▶ _RECORD EXCERPTS_

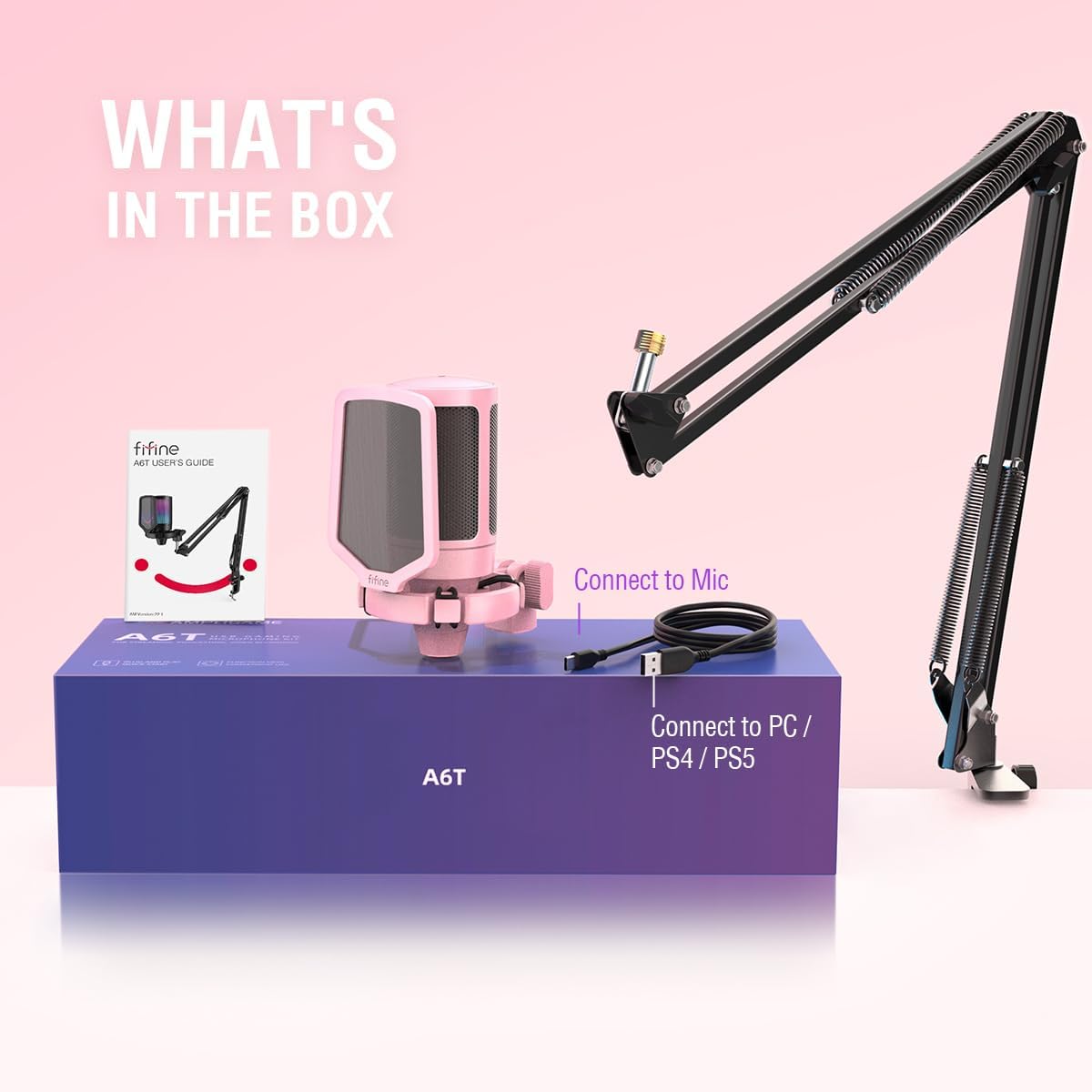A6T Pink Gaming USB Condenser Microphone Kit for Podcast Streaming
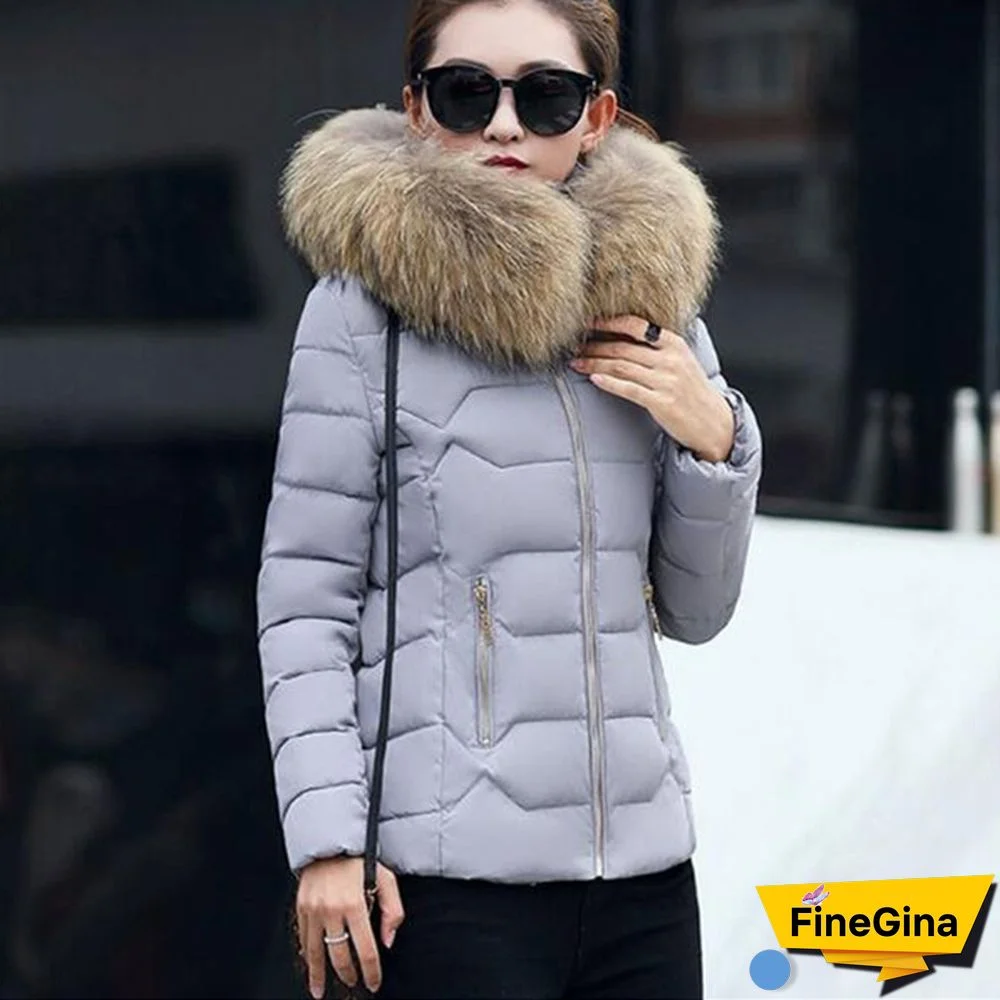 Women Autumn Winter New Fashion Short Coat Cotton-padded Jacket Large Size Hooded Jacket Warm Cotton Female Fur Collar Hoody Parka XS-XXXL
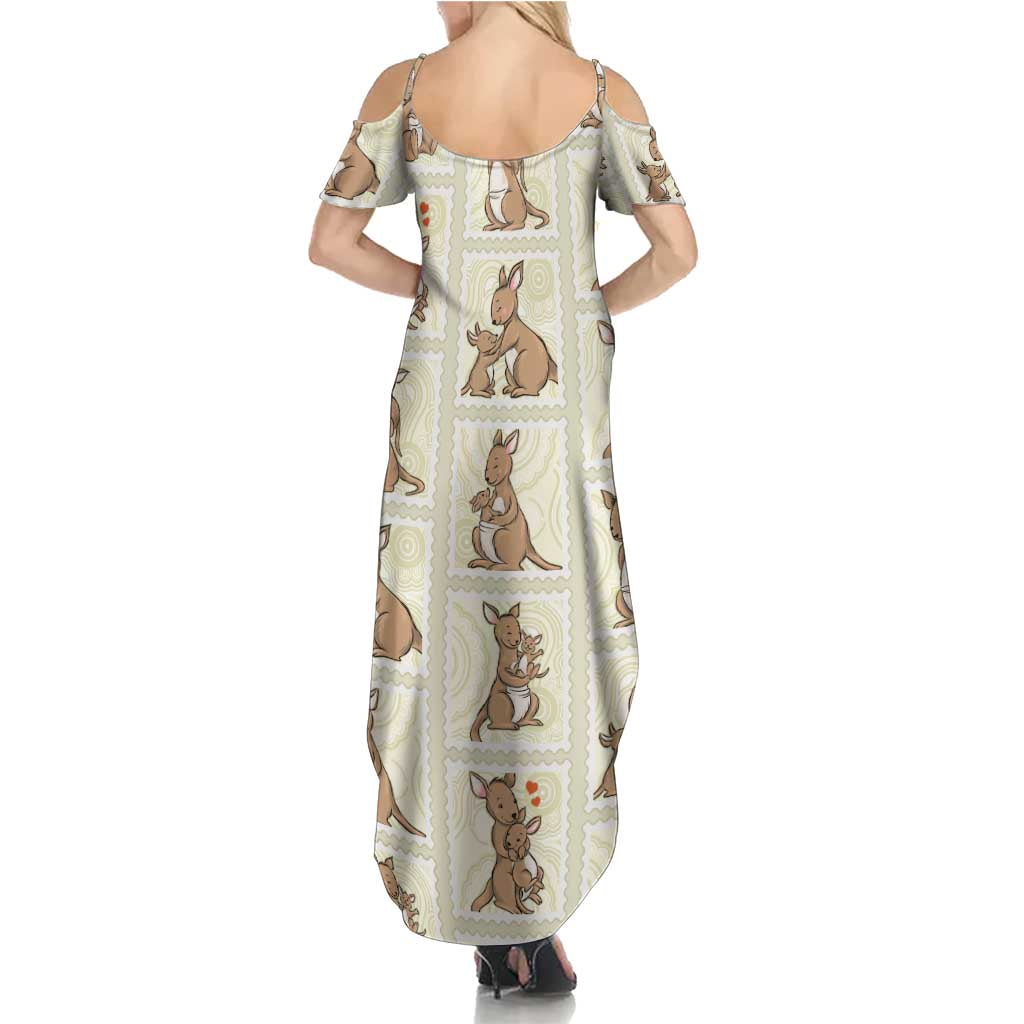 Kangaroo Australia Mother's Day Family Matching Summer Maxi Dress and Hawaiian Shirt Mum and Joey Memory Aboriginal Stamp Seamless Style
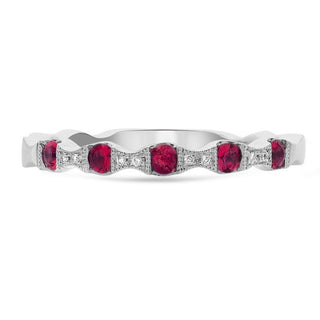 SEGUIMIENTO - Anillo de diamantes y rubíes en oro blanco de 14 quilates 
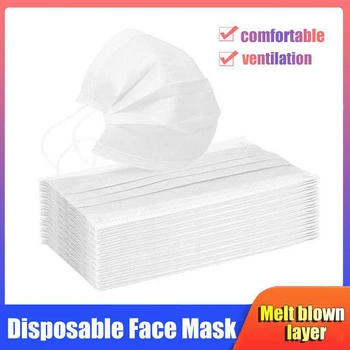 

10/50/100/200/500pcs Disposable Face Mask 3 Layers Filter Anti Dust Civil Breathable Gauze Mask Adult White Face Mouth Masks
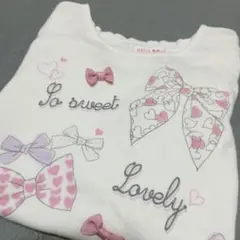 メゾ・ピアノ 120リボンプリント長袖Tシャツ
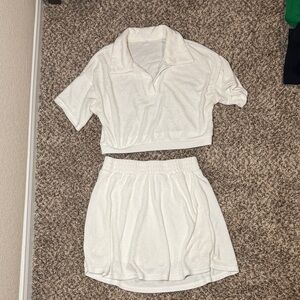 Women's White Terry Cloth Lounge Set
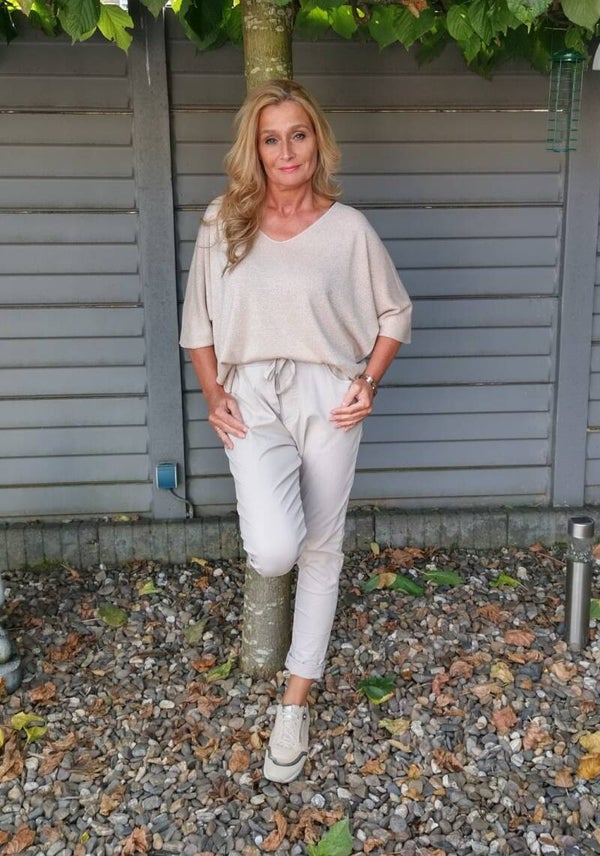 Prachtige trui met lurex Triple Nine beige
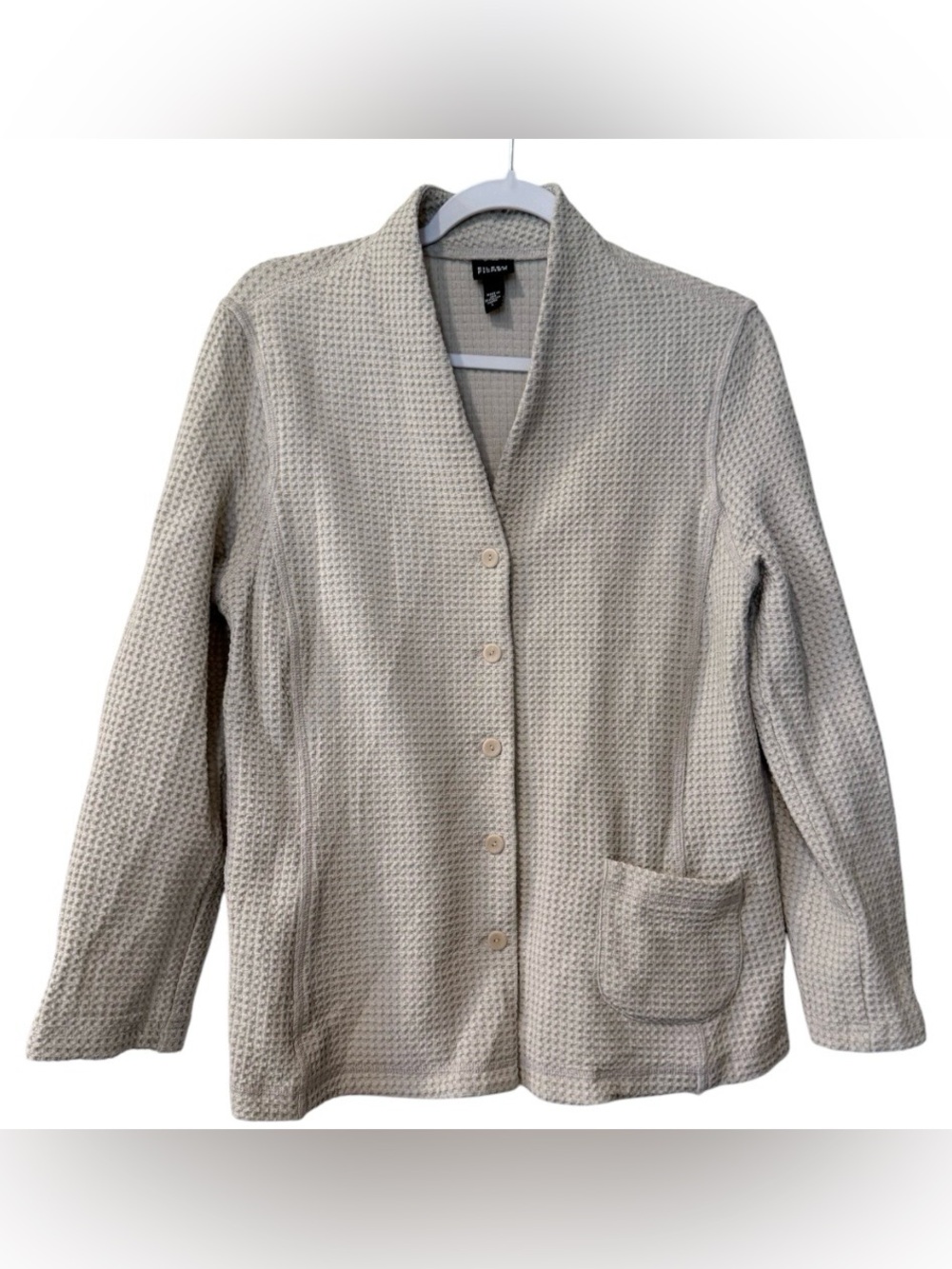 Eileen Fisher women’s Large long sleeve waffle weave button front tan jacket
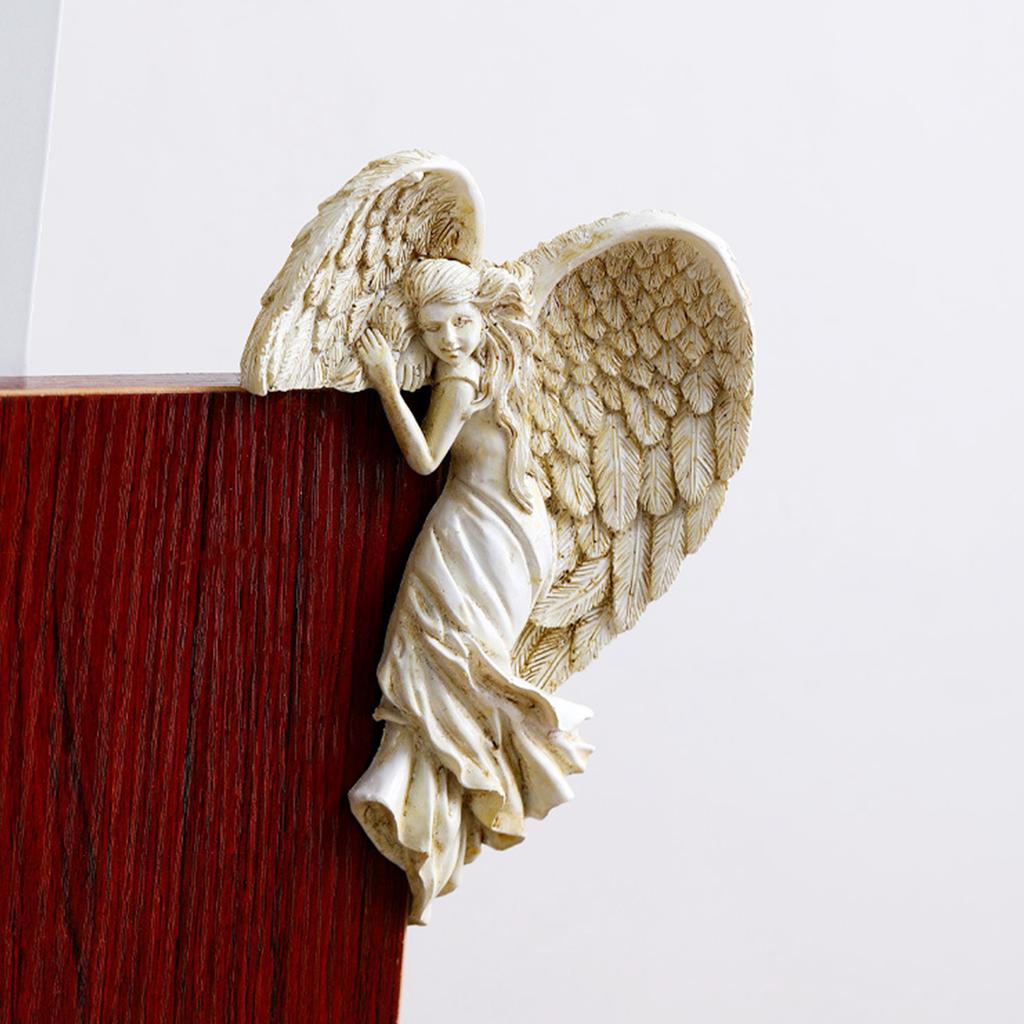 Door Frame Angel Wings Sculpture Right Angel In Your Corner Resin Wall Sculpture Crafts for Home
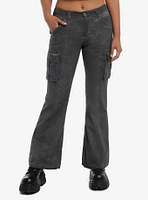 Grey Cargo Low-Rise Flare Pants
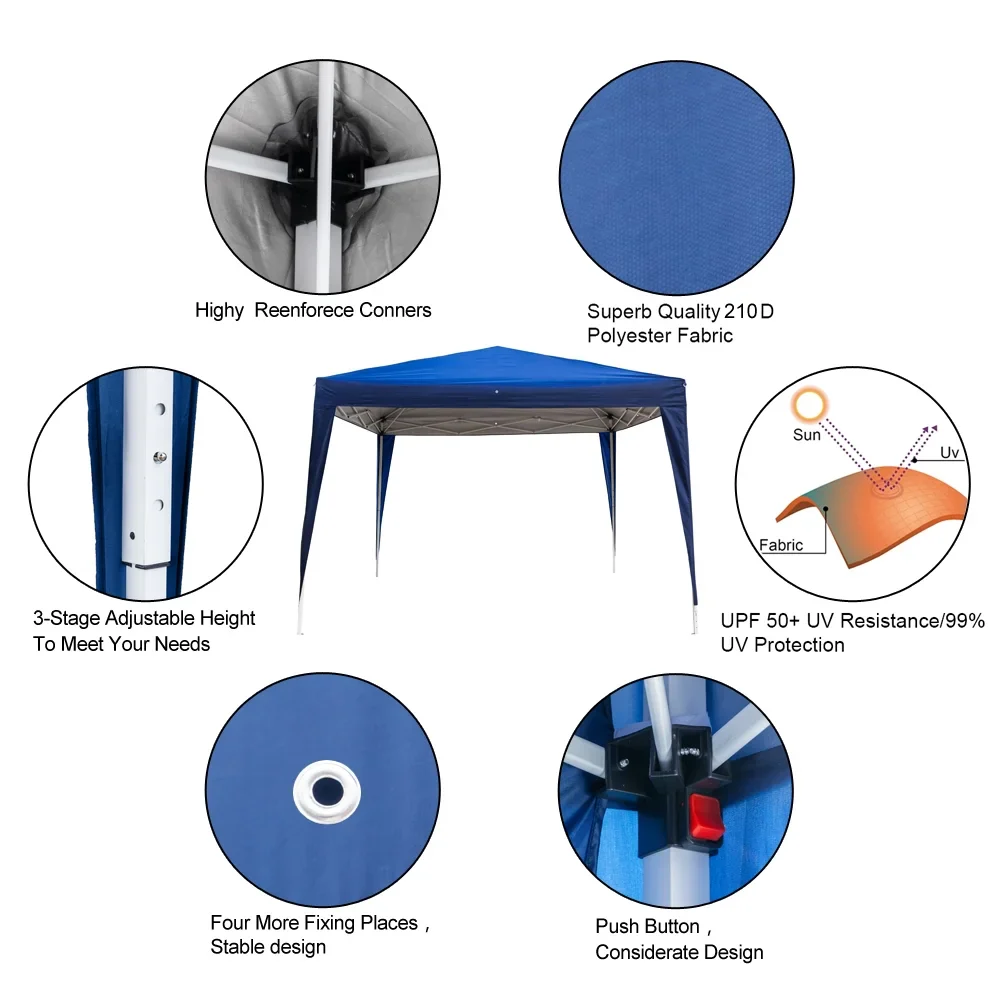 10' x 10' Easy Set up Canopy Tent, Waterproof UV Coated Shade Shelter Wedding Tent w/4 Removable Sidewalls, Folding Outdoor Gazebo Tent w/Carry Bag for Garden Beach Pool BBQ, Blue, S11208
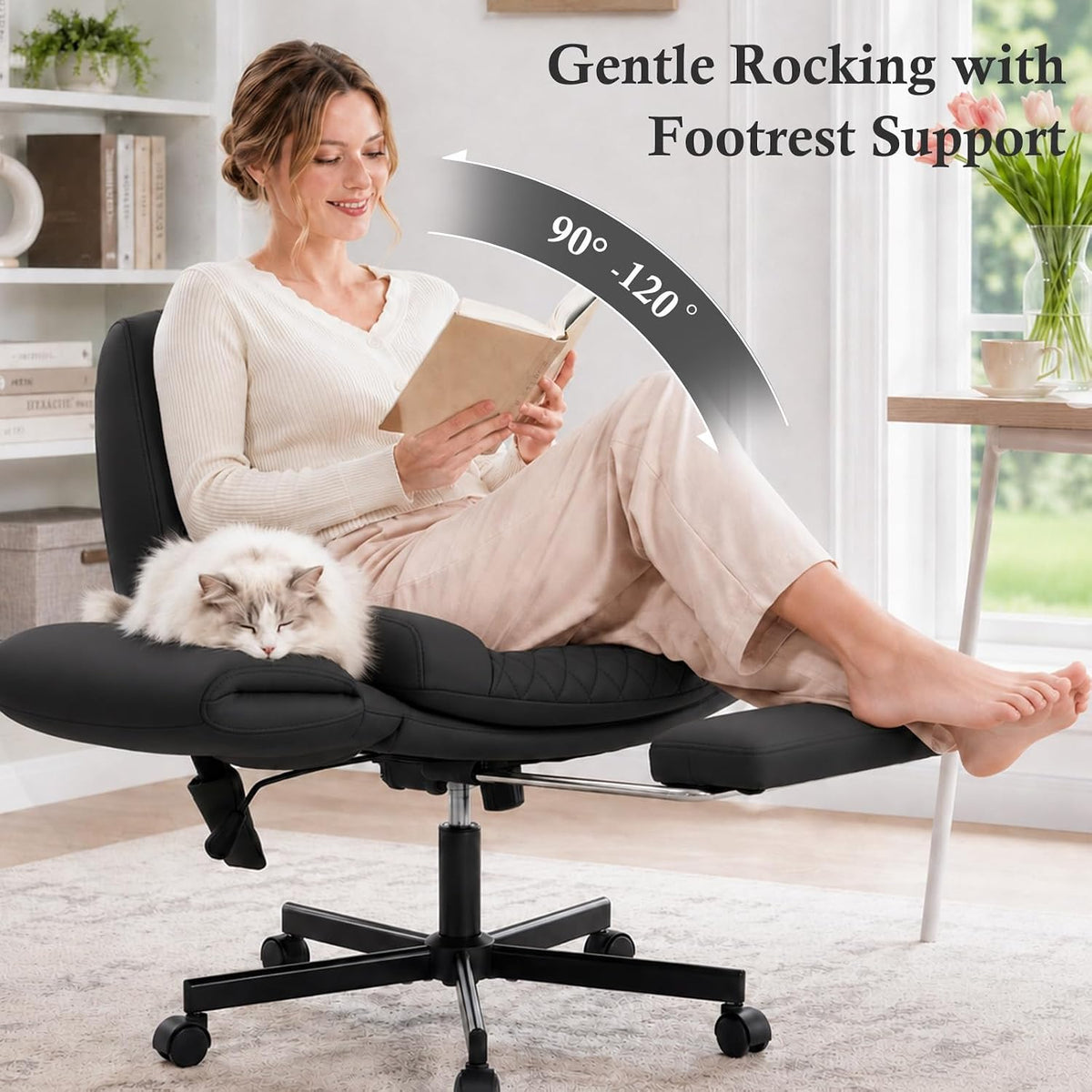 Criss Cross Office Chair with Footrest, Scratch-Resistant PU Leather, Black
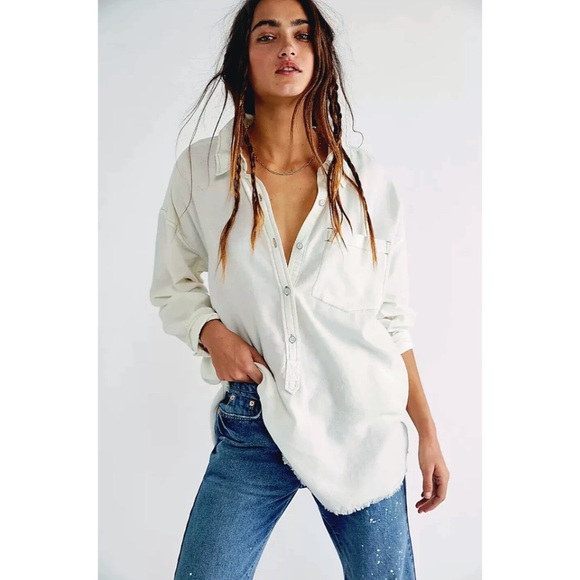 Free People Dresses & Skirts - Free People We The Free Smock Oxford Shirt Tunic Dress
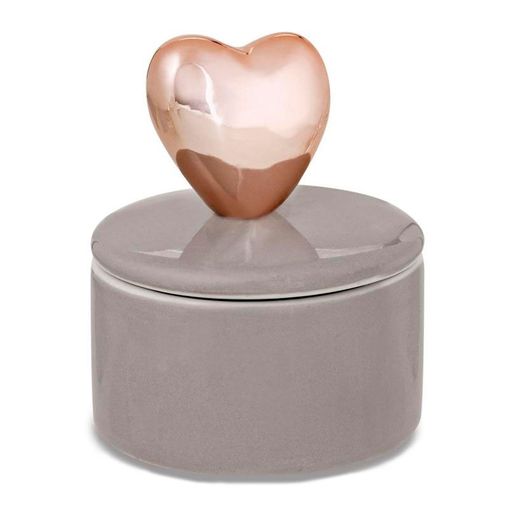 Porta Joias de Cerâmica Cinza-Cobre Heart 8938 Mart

▶ _TASK STATEMENT_
Omit the images; transcribe the listing verbatim.

▶ _ANSWER FOR THE TASK_
A6T Pink Gaming USB Condenser Microphone Kit for Podcast Streaming
 Women Autumn Winter New Fashion Short Coat Cotton-padded Jacket Large Size Hooded Jacket Warm Cotton Female Fur Collar Hoody Parka XS-XXXL
 Kangaroo Australia Mother's Day Family Matching Summer Maxi Dress and Hawaiian Shirt Mum and Joey Memory Aboriginal Stamp Seamless Style
 SEGUIMIENTO - Anillo de diamantes y rubíes en oro blanco de 14 quilates 

10/50/100/200/500pcs Disposable Face Mask 3 Layers Filter Anti Dust Civil Breathable Gauze Mask Adult White Face Mouth Masks
 メゾ・ピアノ 120リボンプリント長袖Tシャツ
 Women's White Terry Cloth Lounge Set
 Prachtige trui met lurex Triple Nine beige
 Eileen Fisher women’s Large long sleeve waffle weave button front tan jacket
 Door Frame Angel Wings Sculpture Right Angel In Your Corner Resin Wall Sculpture Crafts for Home
 Grey Cargo Low-Rise Flare Pants
 10' x 10' Easy Set up Canopy Tent, Waterproof UV Coated Shade Shelter Wedding Tent w/4 Removable Sidewalls, Folding Outdoor Gazebo Tent w/Carry Bag for Garden Beach Pool BBQ, Blue, S11208
 Criss Cross Office Chair with Footrest, Scratch-Resistant PU Leather, Black
 Free People Dresses & Skirts - Free People We The Free Smock Oxford Shirt Tunic Dress
 Porta Joias de Cerâmica Cinza-Cobre Heart 8938 Mart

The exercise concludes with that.